Everything, even options specific to either the fetcher or parser, is at the source plugin configuration level. Ideally, I'd like things to be broken down cleanly between them, like

source:
  plugin: url
  fetcher:
    plugin: http
    authentication: # See #2761489: Provide authentication plugins to HTTP fetcher
  parser:
    plugin: json
    # One might expect this to be a fetcher option, but the parser controls the fetcher, determining
    # when to get the the next URL in the list, and the fetcher is designed for one URL at a time.
    urls: /migrate_example_advanced_position?_format=json
    item_selector: 1
  fields:
     ...
  ids:
    ...

Two issues with that:

  1. We already have two cases of parser plugins that subsume the fetching functionality (xml and soap), so the fetcher isn't actually used. That being said, now that I think about it if the parser plugin has access to the whole source configuration it can peek at the fetcher config, even if the actual fetcher plugin isn't being used.
  2. This is obviously disruptive for anyone already working with this plugin.

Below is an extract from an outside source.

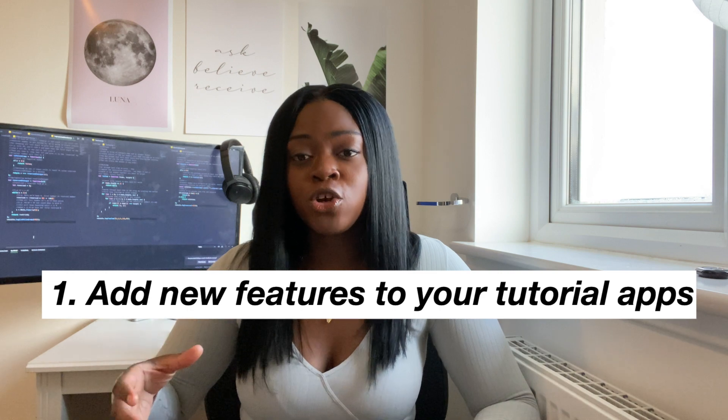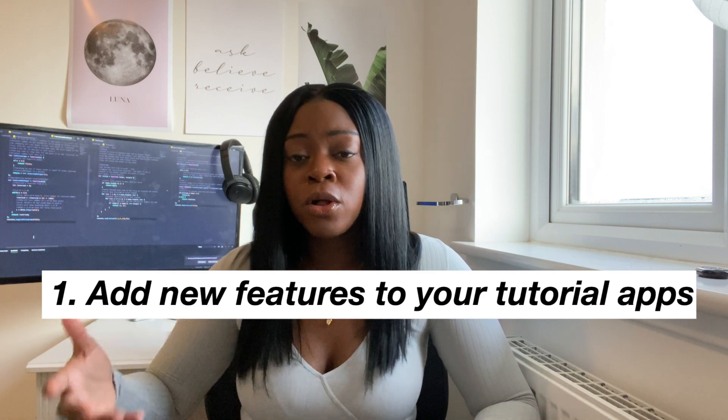The first way you can start building things on your own without it being too overwhelming is to add new features onto the application you're already building. For example, if you're following a tutorial on Udemy where you're building a calorie tracker app, you could decide to build an extra feature like a login or sign-up page. A good way to start is to write down in plain English — not code or pseudocode — how you think you need to get from step A to step B: what your form will look like, what boxes you'll need.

Although, I'm wondering if the source plugin could recognize the "old" structure (seeing 'urls' at the top level) and rearrange it into the "new" structure, which would be used internally?

Thoughts?

Comments

mikeryan created an issue. See original summary.

mikeryan’s picture

Issue summary: View changes
kriboogh’s picture

Been working with migrations a bit now, trying to figure out how everything works. I think sometimes simpler is better. I think we can come a long way if we just have 'source'-classes and 'parsers'. Source classes are the fetchers in my view, parsers just deal with the response of those and return a unified format a destination can use (an array of objects).

# sql source

source:
  plugin: sql 
  database: 
  username:
  password:
  ... other database connection parameters.
  query: sql statement
  <parser not used>

# a remote source (url):

source:
  plugin: url
  url: http://...
  authentication:
    type: basic
    username:
    password:
  parser: xml
     xpath: //xpath/selection

source:
  plugin: url
  url: http://...
  parser: json
     selector: 1
     ...

# A SOAP source

source:
  plugin: soap
  wsdl: http://soap.service/wsdl
  function: executeMeMethod
  parser: xml
     ...

# A local file source:

source:
  plugin: file
  path: DRUPAL_ROOT/sites/modules/module/data/data.xml
  parser: xml
     xpath: //xpath/selection
     ...

source:
  plugin: file
  path: DRUPAL_ROOT/sites/modules/module/data/data.json
  parser: json
     selector: 1
     ...

source:
  plugin: file
  path: DRUPAL_ROOT/sites/modules/module/data/data.xls
  parser: xls
     delimiter: \t
     ...

# a FTP source

source:
   plugin: ftp
   server:
   port:
   ...
   parser: xls
      delimiter: \t

So we have sources:
- ftp
- soap
- url
- file
- sql

Parsers:
- xls
- json
- xml

But again, this is how I would implement it.

PunamShelke’s picture

Hello,

I have one issue is their
I am working with alfresco webscript, for file they have on link with basic auth so i have to download file by hitting that url..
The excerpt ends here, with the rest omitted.